Dr. Zhang is currently an Assistant Professor of Data Science at the University of Virginia, where she has been on the tenure-track faculty since August 2023. She also holds a concurrent position as a Faculty Member at the UVA Brain Institute, underscoring her active role in advancing brain research across institutional boundaries. Prior to her academic appointment at UVA, she served as a Research Scientist II at the New York State Psychiatric Institute, contributing to high-impact psychiatric research. Her professional journey also includes research assistantships at Tulane University and the University of Florida, roles in which she cultivated strong collaborative and translational research skills.

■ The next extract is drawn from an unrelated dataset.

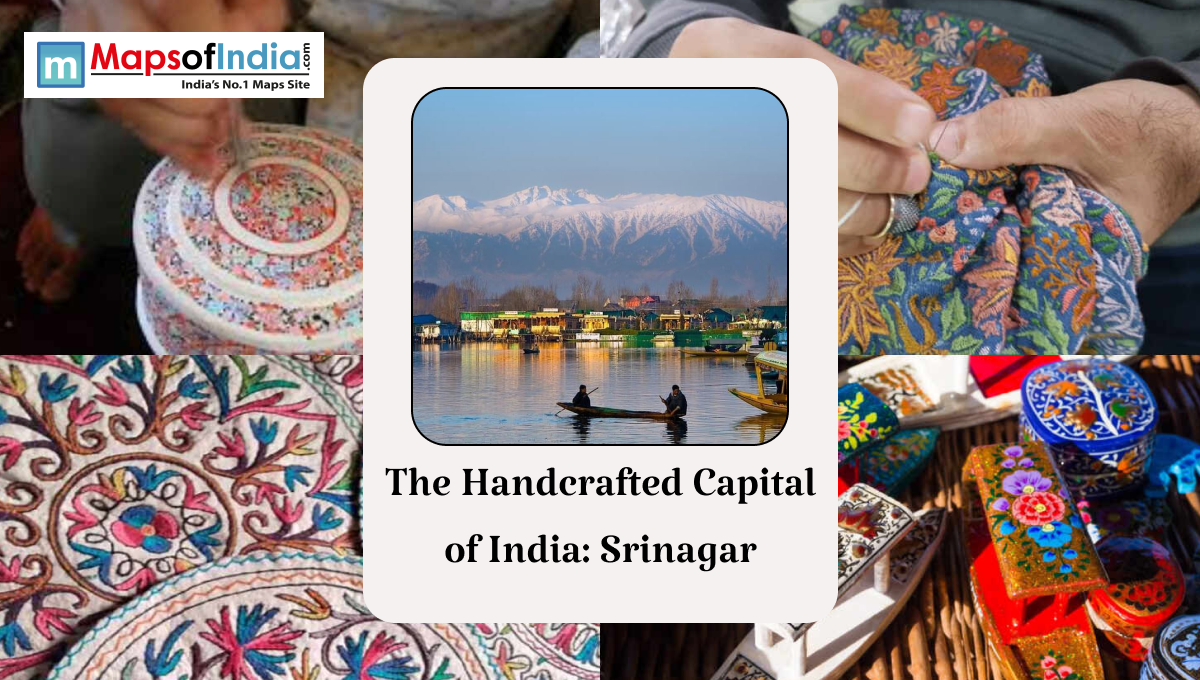 Collage of Srinagar handicrafts with Dal Lake and Himalayas, titled “The Handcrafted Capital of India: Srinagar.”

🧠 Contributions and Research Focus

Dr. Zhang’s research lies at the intersection of data science, neuroscience, and mental health. She specializes in developing advanced statistical and computational methodologies to investigate the biological underpinnings of psychiatric and neurodevelopmental disorders. Her work prominently features the use of graphical models—both directed and undirected—and machine learning techniques to analyze complex datasets, such as MRI, DTI, fMRI, MEG, and various genomic modalities including SNP and DNA methylation. Her research has contributed to a deeper understanding of conditions like schizophrenia, Alzheimer’s disease, obsessive-compulsive disorder, and anxiety disorders, through the lens of multimodal data fusion and integrative neurogenetics.

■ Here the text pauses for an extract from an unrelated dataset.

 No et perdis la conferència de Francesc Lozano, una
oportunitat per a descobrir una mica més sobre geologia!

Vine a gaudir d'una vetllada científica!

đŸ§Ș Innovation in Mental Health Data Science

A distinctive hallmark of Dr. Zhang’s scholarship is her innovative application of multimodal fusion techniques to disentangle the complexities of typical and atypical brain development. Her work leverages high-dimensional neuroimaging and genetic data to draw meaningful inferences about mental health trajectories. She is particularly focused on building interpretable models that bridge the gap between data and clinical insight, thereby enabling earlier and more precise diagnostics. By combining machine learning with biomedical expertise, her contributions pave the way for next-generation tools in psychiatry and neuroscience.

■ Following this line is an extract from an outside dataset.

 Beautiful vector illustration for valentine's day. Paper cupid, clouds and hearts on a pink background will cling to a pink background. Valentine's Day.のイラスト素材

🏅 Accolades and Recognition

Throughout her academic and professional trajectory, Dr. Zhang has earned widespread respect for her analytical acumen and interdisciplinary collaborations. Her postdoctoral role at Columbia, a hub for clinical psychiatry and biostatistics, positioned her among leaders in the field and enriched her research portfolio with translational applications. Her selection as faculty at a leading institution like UVA further reflects recognition of her scholarly excellence and her potential to drive future innovations in mental health data science.

🌍 Impact and Influence

Dr. Zhang’s work has significant implications for both the scientific community and clinical practice. Her methods empower researchers and clinicians alike to draw meaningful patterns from multimodal datasets, thereby advancing precision psychiatry. Moreover, her collaborative efforts across biomedical engineering, statistics, and clinical disciplines have fostered integrative frameworks that extend beyond academic settings into real-world applications. Her contributions are helping to shape a more data-driven and personalized future in mental health care.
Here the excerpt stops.